Buuuut.... but but...

Are Oak trees indigenous the the area? I heard (oh dear, heard they are not).

Ok, legend time.... wasn't it Sinclair of the Templars who supposedly planted the trees as a marker for other Templars to see? Not supporting this but have no clue as to veracity.

Or... what.... ppppft

Trevor Kenchington
1/21/2016 04:48:34 pm

Red oak is native to Nova Scotia, including all around Oak Island, though white oak (a far better structural timber) is not.

Jonathan Feinstein
1/21/2016 04:51:24 pm

The inside of a living tree is not dry and oak sap is mildly acidic. Maybe stainless steel or gold would survive, but not iron or bronze.

ghettohillbilly1
1/21/2016 06:01:27 pm

I doubt stainless would last either, it rusts out pretty bad here if exposed to the elements so acids and tannins in the tree sap would most likely degrade it

Killbuck
1/21/2016 10:21:17 pm

Thank you as I wondered. In early episodes of the show they stated that oaks were not native and were a product of Sinclair's visit. Which seemed an odd claim.

Trevor Kenchington
1/22/2016 05:02:46 am

If Sinclair ever sailed to what is now Nova Scotia (which is extremely unlikely), only those obsessed with Oak Island would place him there. Those obsessed with Sinclair tend to put him further east.

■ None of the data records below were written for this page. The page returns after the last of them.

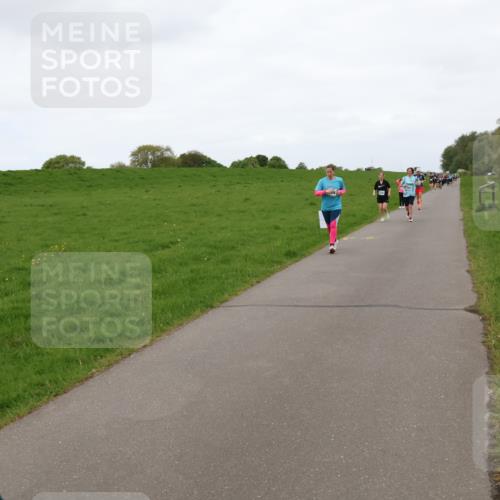 04.05.2025 - 8. Wedeler Halbmarathon Lena Gebhardt http://msf.ph/oto/7834594 04.05.2025 11:24:43 Laufen  meine-sportfotos.de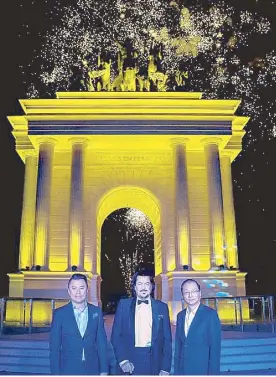  ??  ?? The 19-meter tall Arco de Emperador dazzles Arcovia City visitors at night as it illuminate­s in colors. In photo during its unveiling are (from left) Megaworld EVP Kevin Tan, sculptor Gines Serran Pagan and Megaworld Resort Estates managing director William Co.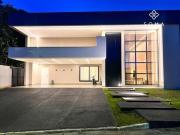 CASA DE ALTO PADRÃO COM 4 SUÍTES CONDOMÍNIO OURO VERMELHO I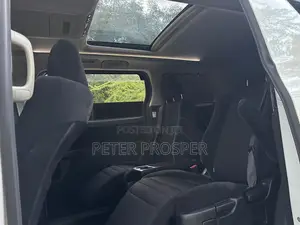 Toyota Alphard 2.4 Petrol AWD 2009 White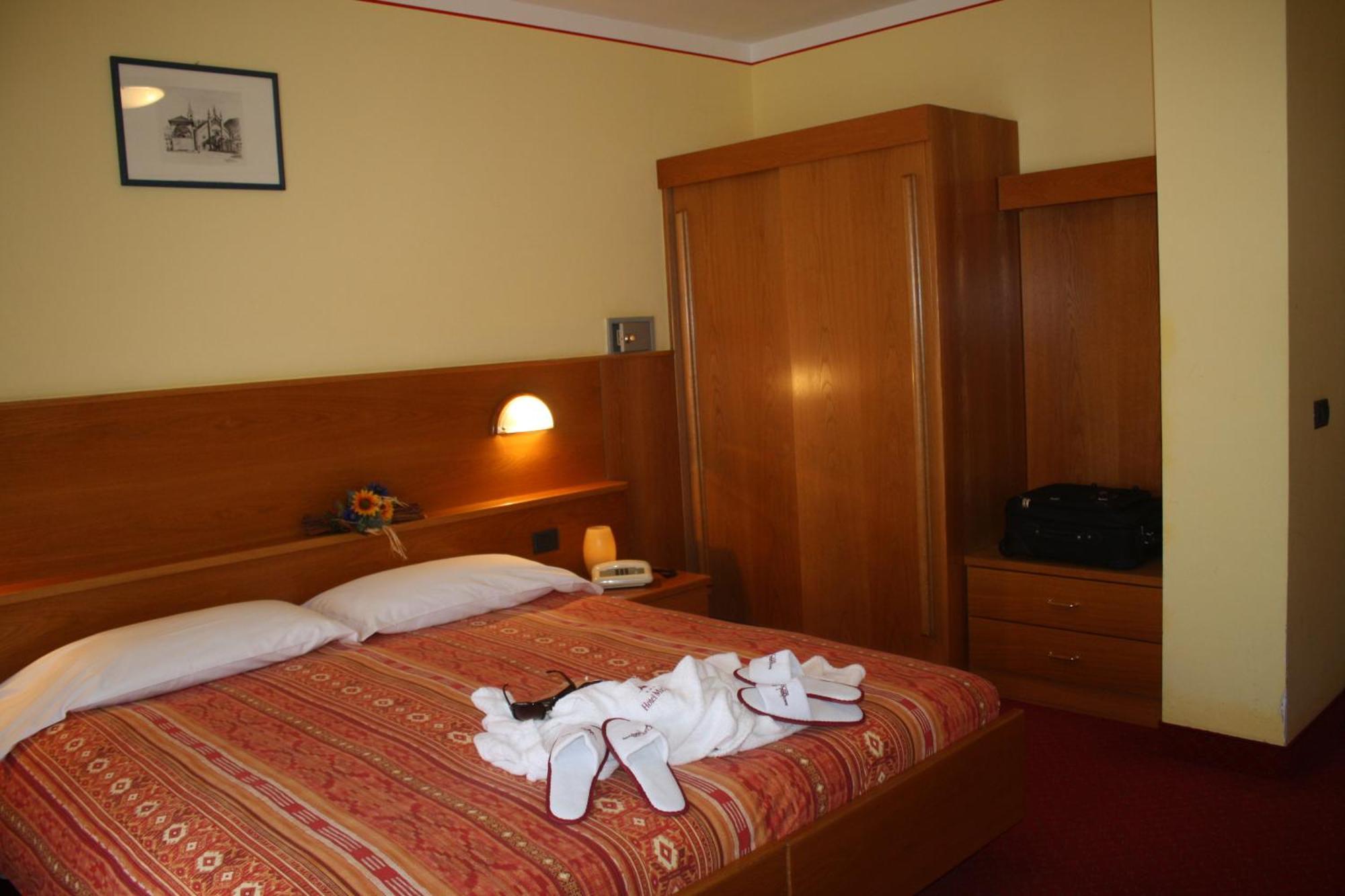 Hotel Michela Malè Exteriör bild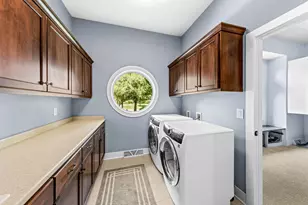 W188N4970 Red Crown Trail, Menomonee Falls, WI 53051 - Photo 26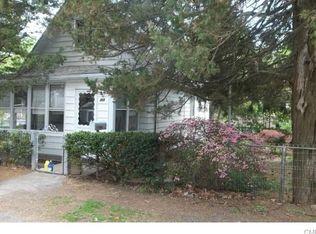 268 Dayton Rd, Bridgeport, CT 06606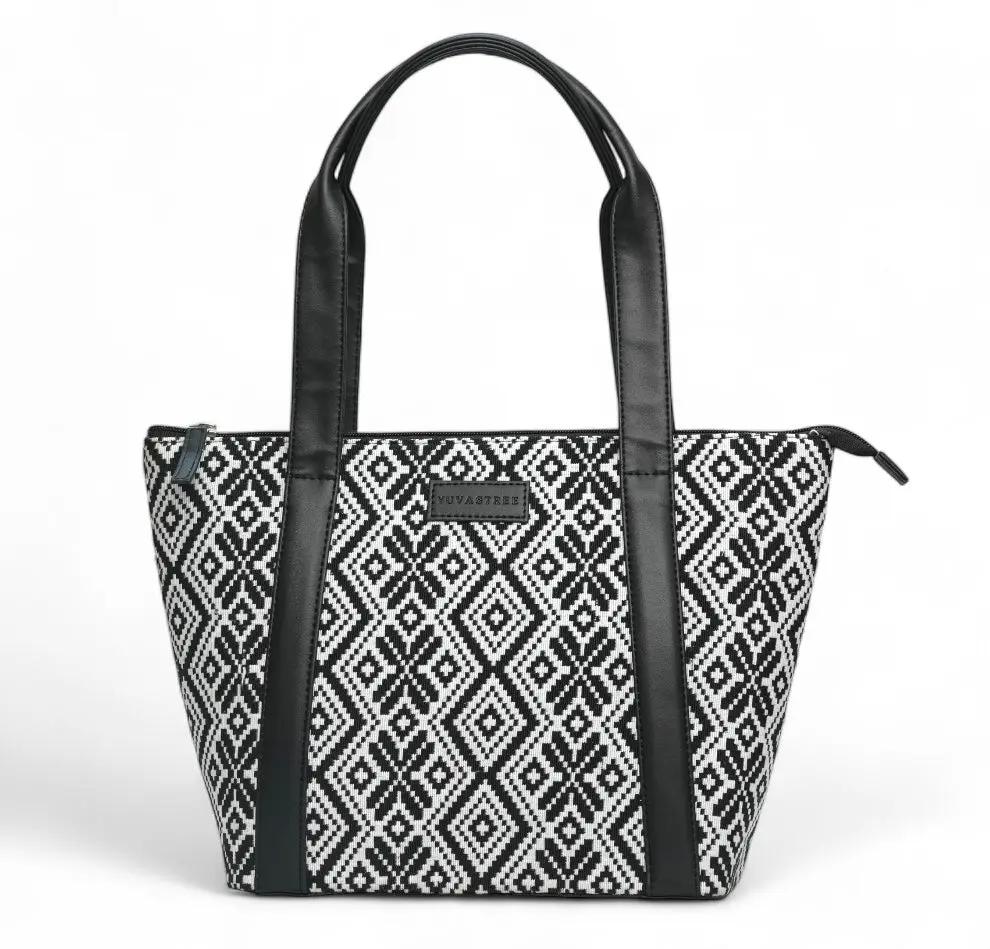 Lyra Tote – Noir Diamond YuvaStree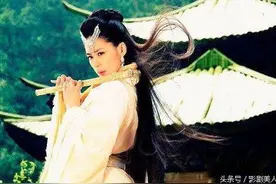 古装剧女子吹笛，最美亚姐第四，第三被黑最惨，第一实至名归！图片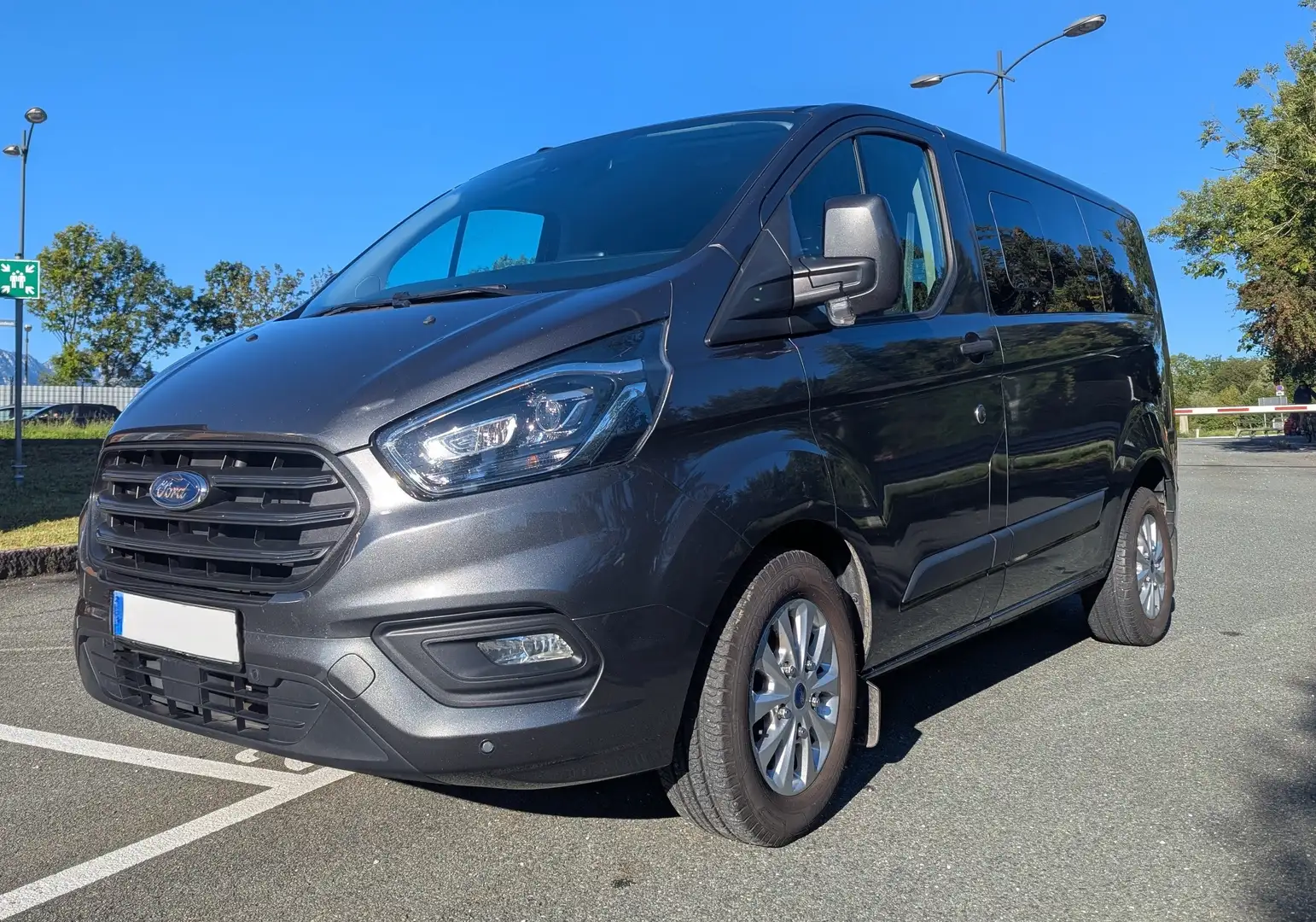Ford Transit Custom Transit Custom 320 TDCi 320 L1H1 VA Autm. Trend Grau - 1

As to stainless steel: It rusts quickly in any environment that shuts it off from oxygen. The "stainless" property comes by forming a thin, shiny oxide layer on the surface -- makes for a nasty surprise when someone tries using stainless keel bolts in a boat!

Jonathan Feinstein
1/22/2016 05:09:41 am

Okay, so cancel what I said about stainless. I was just casting about for an alloy that might possibly have survived and yet did not exist in the ancient world. Thining about it, I have seen corroded Stainless, so... duh!

Cleo
1/21/2016 03:03:48 pm

If one foolishly accepted that this was a point that penetrated a tree, one would still have to concede that it would never penetrate deep enough with this type of non slicing square taper to ever cover the inner "nail" part. That would have necessarily been exposed and would have rusted off well before the tree grew over it.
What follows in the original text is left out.